EXTRACTED ENTRIES >>
>>>>
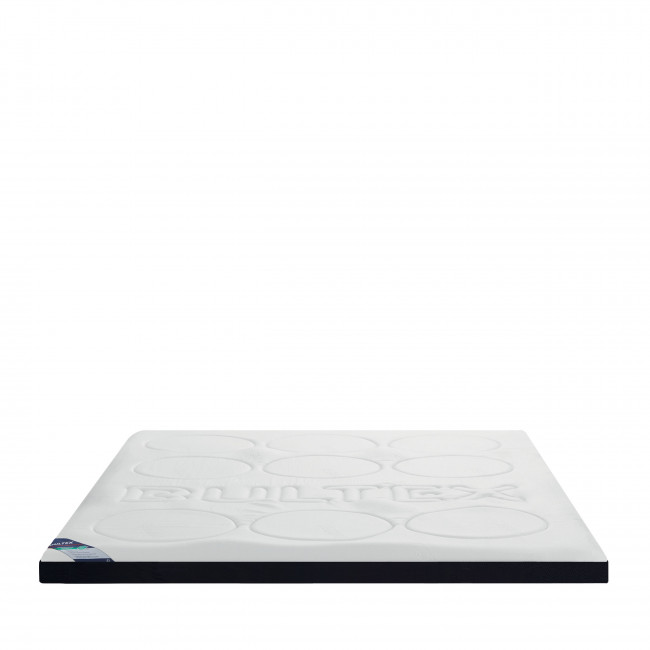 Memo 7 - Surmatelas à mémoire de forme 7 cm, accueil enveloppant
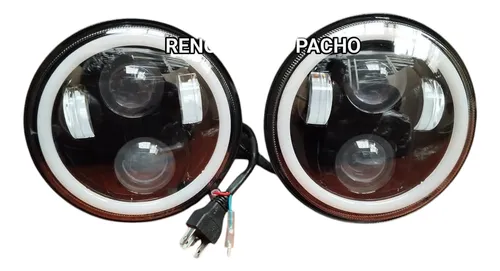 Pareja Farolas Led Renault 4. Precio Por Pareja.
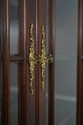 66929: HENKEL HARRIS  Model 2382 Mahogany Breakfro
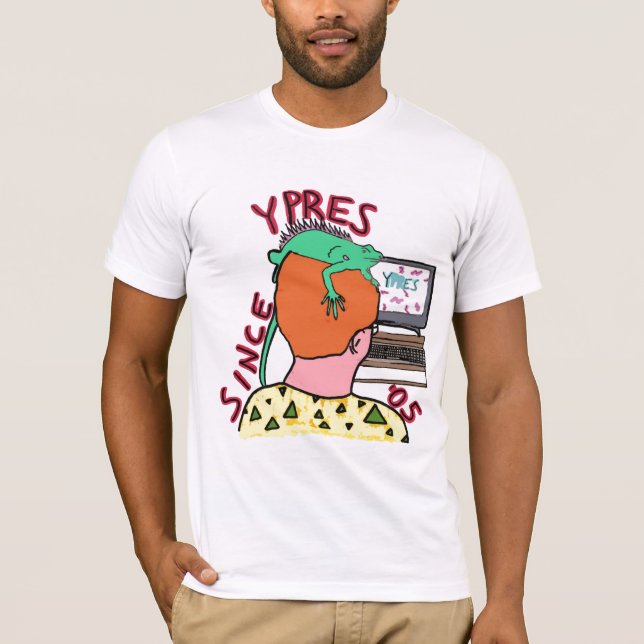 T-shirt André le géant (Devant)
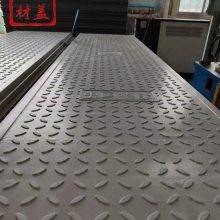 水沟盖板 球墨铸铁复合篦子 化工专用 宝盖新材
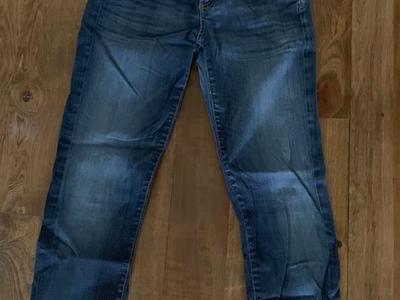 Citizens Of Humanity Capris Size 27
<<<<
HOW TO COMPLETE THIS TASK >> Nothing should be printed except the lines from the one with "水沟盖板 球墨铸铁复合篦子 化工专用 宝盖新材" through the last line of the listing above, both ends included; please drop the pictures.

SOLUTION >>
 水沟盖板 球墨铸铁复合篦子 化工专用 宝盖新材
 Citizens Of Humanity Capris Size 27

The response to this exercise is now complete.